I have an ancient 240v EX500 the type with the pressed tin outer case, it was in use all last winter but this year is only putting out 100 v / 120 v on max revs, im only familiar with AVR / brush or capacitor regulated alternators, not sure what kind this is exactly? 

I need to test the windings upstream of the regulator unit but have no specs to go on. I'm guessing if half the voltage is gone it could be diodes ( if it has any ) ?

Anyone got a service manual download for this model ?


----------



## tabora (Sep 6, 2018)

Waterworks said:


> I have an ancient 240v EX500


I don't find an EX500 listed. Do you mean the EX5500?


----------



## iowagold (Jan 22, 2020)

Waterworks said:


> I have an ancient 240v EX500 the type with the pressed tin outer case, it was in use all last winter but this year is only putting out 100 v / 120 v on max revs, im only familiar with AVR / brush or capacitor regulated alternators, not sure what kind this is exactly?
> 
> I need to test the windings upstream of the regulator unit but have no specs to go on.
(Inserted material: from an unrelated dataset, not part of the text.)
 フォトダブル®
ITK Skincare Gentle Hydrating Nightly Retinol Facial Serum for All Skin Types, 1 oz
I'm guessing if half the voltage is gone it could be diodes ( if it has any ) ?
> 
> Anyone got a service manual download for this model ?


Set the rpm to 3750 rpm.
*click here for the test equipment page*


----------



## Waterworks (Dec 9, 2020)

tabora said:


> I don't find an EX500 listed. Do you mean the EX5500?
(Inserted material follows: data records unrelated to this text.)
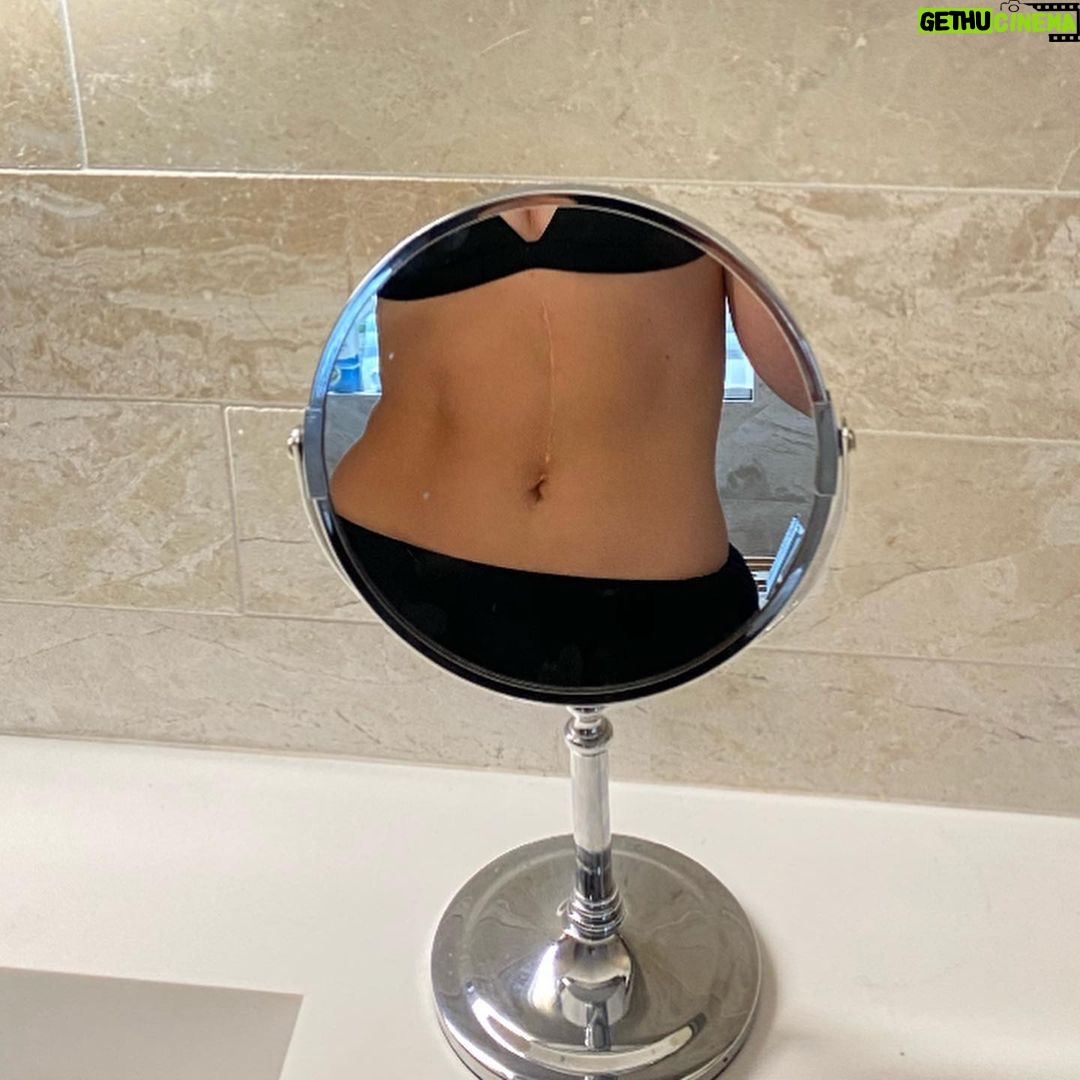 Perrie Edwards Instagram - 𝐌𝐎𝐎𝐃 & 𝐈𝐥𝐲 icle scar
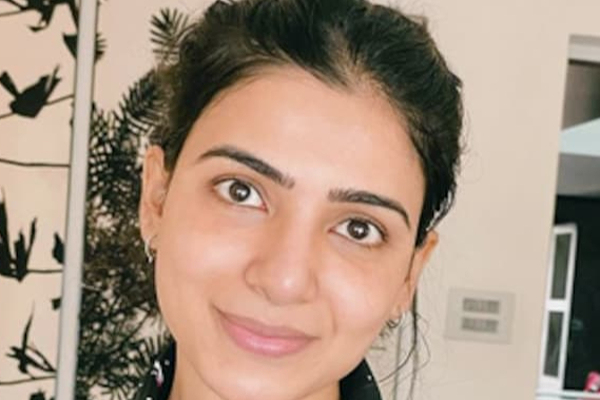 நடிகை சமந்தாவுக்கு அரிய வகை தோல் நோயா? ஷாக்கில் ரசிகர்கள் - காட்டுத் தீயாய் பரவும் தகவலின் பின்னணி | Samantha Ruth Rep Dismisses Rumours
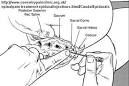 Caudal Block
Listed as EM500 outside Europe. It's 400 w suitcase job.


----------



## tabora (Sep 6, 2018)

Waterworks said:


> Listed as EM500 outside Europe. It's 400 w suitcase job.
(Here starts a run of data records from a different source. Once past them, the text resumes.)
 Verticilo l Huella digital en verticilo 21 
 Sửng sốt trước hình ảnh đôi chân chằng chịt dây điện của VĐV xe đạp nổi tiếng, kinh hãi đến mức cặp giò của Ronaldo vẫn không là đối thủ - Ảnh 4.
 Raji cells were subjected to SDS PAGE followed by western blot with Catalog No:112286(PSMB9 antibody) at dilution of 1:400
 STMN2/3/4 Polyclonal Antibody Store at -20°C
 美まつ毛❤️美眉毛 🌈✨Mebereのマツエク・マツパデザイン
Aha... Our EM500 is a 120V only generator. And your 230V nominal power works differently than our 240V split phase. On the EM500, it would be the AVR assembly that would most likely be at issue, or possibly the diode assembly... I think this is your diagram:





Rear bracket for Honda EX500 | General sales region, , 13410508-769785


Looking for genuine OEM Rear bracket for Honda EX500 (General sales region, , 13410508-769785)? Check on MegaZip at discounted price from manufacturers' warehouses in Japan, USA, UAE. Detailed diagrams & catalogues. Worldwide shipping. Easy to find parts & order online. Buy now!




www.megazip.net


----------



## Waterworks (Dec 9, 2020)

Ft


tabora said:


> Aha... Our EM500 is a 120V only generator. And your 230V nominal power works differently than our 240V split phase. On the EM500, it would be the AVR assembly that would most likely be at issue, or possibly the diode assembly... I think this is your diagram:
> 
> 
> 
> ...


Yes that looks the same, I need a wiring diagram for this specific model.


----------



## tabora (Sep 6, 2018)

Waterworks said:


> Yes that looks the same, I need a wiring diagram for this specific model.


Here's an inexpensive opportunity: HONDA EM500 / EX500 GENERATOR SERVICE AND USER MANUALS ON CD + DOWNLOAD | eBay


----------



## Waterworks (Dec 9, 2020)

Ok, i have read up on brushless exiter alternators and have got the basics of how they work. I should be able to test if the AVR is getting the DC voltage from the rectifier. 

If the AVR is the fault I don't think any spares exist so it will be impossible to repair.


----------



## tabora (Sep 6, 2018)

Waterworks said:


> If the AVR is the fault I don't think any spares exist so it will be impossible to repair.


There are no new ones, but likely there are used units from EX500s that died from some other reason. Did you get that inexpensive service manual? Worth its weight in gold.


----------



## Waterworks (Dec 9, 2020)

tabora said:


> There are no new ones, but likely there are used units from EX500s that died from some other reason. Did you get that inexpensive service manual? Worth its weight in gold.


The seller has even discounted the price for just the download, but I'm already in contact with Honda and just waiting for them to confirm they don't have this manual for free. 

If the AVR has died then it's not even worth buying the manual at any price because it's unlikely an AVR unit will be found ( I'm in the UK )

The only hope I can see is if they used the same AVR on other models that still have spares available.


----------